I remember as a child my mother going out to look for wild asparagus in the spring. She’d typically look along rural roadways where irrigation ran alongside. This all slipped my mind until this spring. Following my Urban Foraging class two weekends ago, I’ve been bitten by the foraging bug. Asparagus popped to mind, but admittedly all my knowledge of how and where to find it had gone dormant with the lazy availability of food at grocery stores.
As luck would have it, I had a star-crossed conversation with someone I know about this very subject. She too gathers asparagus in the spring and fortified my memory about the ‘how to’s’. She’d not spotted any yet this spring but we made a date to tour her farm property which turned into a wild asparagus hunt with great success.
As any good forager would do I will not name said friend or her property location. Frankly madcap circumstances seem cosmically drawn to her (I surmise as a sign her calling is to document them in a book) and due to respecting her privacy and that of her animals. She shared bizarre tales of rogue neighbors (since moved fortunately) cleaning her out of asparagus without asking and wandering amongst her horses and belonging uninvited, prompting the need to increase their liability insurance at a minimum.
I stepped out of my car on an overcast, soon to be rainy morning, last weekend and instantly knew this would be the highlight of my weekend. Before going out into a sprawling back pasture which meets open space land, we met a mother horse and her strapping 3 week old son. No doubt the constant work opportunity on a farm this size would be potentially overwhelming though it seemed one step from heaven to me to be this close to the earth and a self contained food existence.
The back pasture was full of grazing horses which will give way to flooding in the early summer to encourage more grass growth. This is where our hunt began. Admittedly it felt at times like a ‘Where’s Waldo’ exercise as you’ll note from my photos. I’ll include several to help train your eye.
Where to find wild asparagus:
It tends to grow in rural areas where there is water. Look around irrigation ditches in the countryside (those with and without water in them). Avoid private property unless you are invited but it’s very common to find the asparagus in ditches on the side of a road. Park and walk the ditch.

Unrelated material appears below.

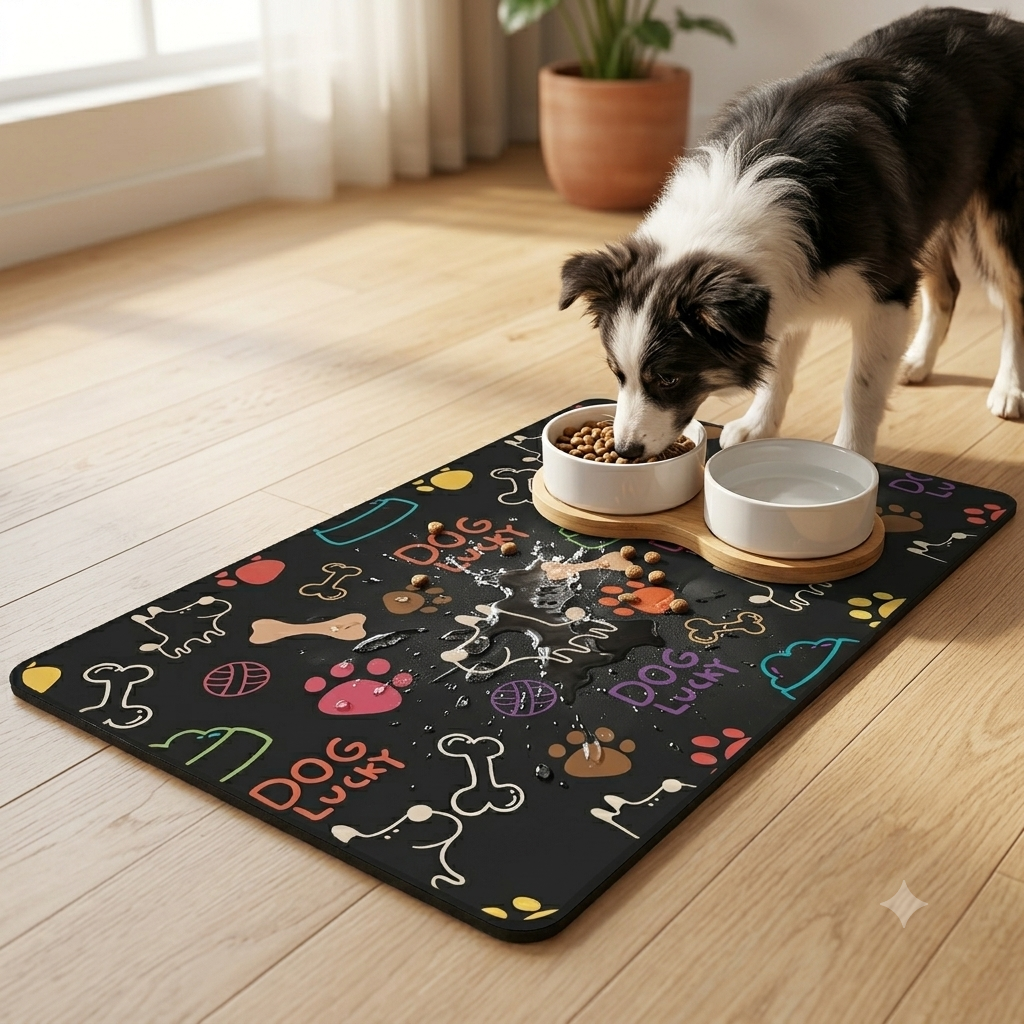Mantel comedero decorativo para mascotas – zona de alimentación limpia y ordenada, despacho a todo Chile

How to spot wild asparagus:
You’ll note in the photos some dead, yellowish, tall, wispy plant material around the new asparagus growth. This would be last year’s plant and the source of the new growth. On our walkabout I found myself scouting for these which once realizing what they are became easily identifiable. Once at a spent plant, search the base for something new. They are probably surrounded by higher weeds or grasses so it does take a persistent eye. We found one or two stalks at each plant site.
How to Harvest
As with store bought asparagus, once you find a stalk, follow it down the stalk until you find a pliable spot between where it is very supple and woody. Snap it at a 90 degree angle.
Going to seed
It’s tricky to find the asparagus exactly at the right time. As my friend mentioned, she’d gone looking a few weeks ago to find nothing. On our trip some had already gone to seed and some looked close; there were still more just starting. Going regularly once spring sets in is the best chance to find the wild asparagus.
There IS an asparagus in this photo!
My favorite way to prepare asparagus is to grill it. Especially with something as special as this, I want to taste the asparagus solely and not a sauce. This is a simple celebration of this fabulous wild find! This of course can be used with purchased asparagus as well.
· 1 pound asparagus
· 1-2 tablespoon olive oil
· Salt and pepper to taste
1. Wash and dry the asparagus. Be sure to trim any woody stalks at the bottom if having purchased from the store.
2. Heat a grill to medium heat.
3. Brush asparagus with the olive oil on both sides. Salt and pepper liberally. Place on the grill for about 2 minutes a side (enough to form grill marks and for it to being to soften without becoming limp). Enjoy immediately!
I must admit the wild asparagus we foraged was exceptional and noteably different than the cultivated asparagus I’ve had. It was sweet with a much more dense flavor. I savored every stalk, feeling so fortunate.